28. Such an application in the peculiar facts and circumstances of the case even might not have been entertained by the High Court.
29. In Sushil Kumar Sen (supra), Mathew J considered the effect of allowing an application for review of a decree holding that the same would amount to vacating the decree passed, stating :
“2. It is well settled that the effect of allowing an application for review of a decree is to vacate the decree passed. The decree that is subsequently passed on review, whether it modifies, reverses or confirms the decree originally passed, is a new decree superseding the original one (see Nibaran Chandra Sikdar v. Abdul Hakim (AIR 1928 Cal 418), Kanhaiya Lal v. Baldeo Prasad (ILR (1906) 28 All 240), Brijbasi Lal v. Salig Ram (ILR (1912) 34 All 282) and Pyari Mohan Kundu v. Kalu Khan (ILR (1917) 44 Cal 1011 : 41 IC 497).
3. The respondent did not file any appeal from the decree dated August 18, 1961 awarding compensation for the land acquired at the rate of Rs. 200 per katha. On the other hand, it sought for a review of that decree and succeeded in getting the decree vacated. When it filed appeal no. 81 of 1962, before the High Court, it could not have filed an appeal against the decree dated August 18, 1961 passed by the Additional District Judge as at that time that decree had already been superseded by the decree dated September 26, 1961 passed after review, So the appeal filed by the respondent before the High Court could only be an appeal against the decree passed after review. When the High Court came to the conclusion that the Additional District Judge went wrong in allowing the review, it should have allowed the cross appeal. Since no appeal was preferred by the respondent against the decree passed on August 18, 1961, awarding compensation for the land at the rate of Rs. 200 per katha, that decree became final. The respondent made no attempt to file an appeal against that decree when the High Court found that the review was wrongly allowed on the basis that the decree revived and came into life again.”
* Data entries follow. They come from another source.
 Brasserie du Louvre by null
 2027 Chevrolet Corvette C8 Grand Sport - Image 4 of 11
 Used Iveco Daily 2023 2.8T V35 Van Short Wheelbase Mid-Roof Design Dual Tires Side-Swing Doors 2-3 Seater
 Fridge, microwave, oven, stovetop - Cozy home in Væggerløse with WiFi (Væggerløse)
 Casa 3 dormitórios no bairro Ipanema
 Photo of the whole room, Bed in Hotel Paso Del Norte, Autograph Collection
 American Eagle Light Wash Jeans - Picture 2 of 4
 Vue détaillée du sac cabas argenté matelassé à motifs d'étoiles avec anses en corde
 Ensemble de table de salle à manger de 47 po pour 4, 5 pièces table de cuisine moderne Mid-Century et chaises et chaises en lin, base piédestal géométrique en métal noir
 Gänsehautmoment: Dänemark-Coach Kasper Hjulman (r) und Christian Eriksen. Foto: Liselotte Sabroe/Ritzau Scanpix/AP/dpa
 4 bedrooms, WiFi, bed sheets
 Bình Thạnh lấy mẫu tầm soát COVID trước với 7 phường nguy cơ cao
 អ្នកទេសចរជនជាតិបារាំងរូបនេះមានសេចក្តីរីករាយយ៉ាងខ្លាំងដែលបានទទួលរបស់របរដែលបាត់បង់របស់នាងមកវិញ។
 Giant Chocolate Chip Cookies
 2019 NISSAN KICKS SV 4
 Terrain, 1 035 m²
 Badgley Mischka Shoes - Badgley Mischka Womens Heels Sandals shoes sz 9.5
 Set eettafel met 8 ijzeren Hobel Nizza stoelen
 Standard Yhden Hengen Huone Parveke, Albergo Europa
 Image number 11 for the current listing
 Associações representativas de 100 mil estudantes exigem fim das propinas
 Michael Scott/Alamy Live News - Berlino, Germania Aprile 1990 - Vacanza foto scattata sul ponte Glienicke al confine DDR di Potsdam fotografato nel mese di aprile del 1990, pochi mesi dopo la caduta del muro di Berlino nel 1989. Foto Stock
30. Our attention has been drawn to the following regretful concurring opinion of Krishna Iyer, J. by Mr. Sanghi :
“The processual law so dominates in certain systems as to overpower substantive rights and substantial justice. The humanist rule that procedure should be the handmaid, not the mistress, of legal justice compels consideration of vesting a residuary power in judges to act ex debito justiciae where the tragic sequel otherwise would be wholly inequitable. In the present case, almost every step a reasonable litigant could take was taken by the State to challenge the extraordinary increase in the rate of compensation awarded by the civil court. And, by hindsight, one finds that the very success in the review application and at the appellate stage has proved a disaster to the party. May be, Government might have successfully attacked the increase awarded in appeal, producing the additional evidence there. But maybes have no place in the merciless consequence of vital procedural flaws…”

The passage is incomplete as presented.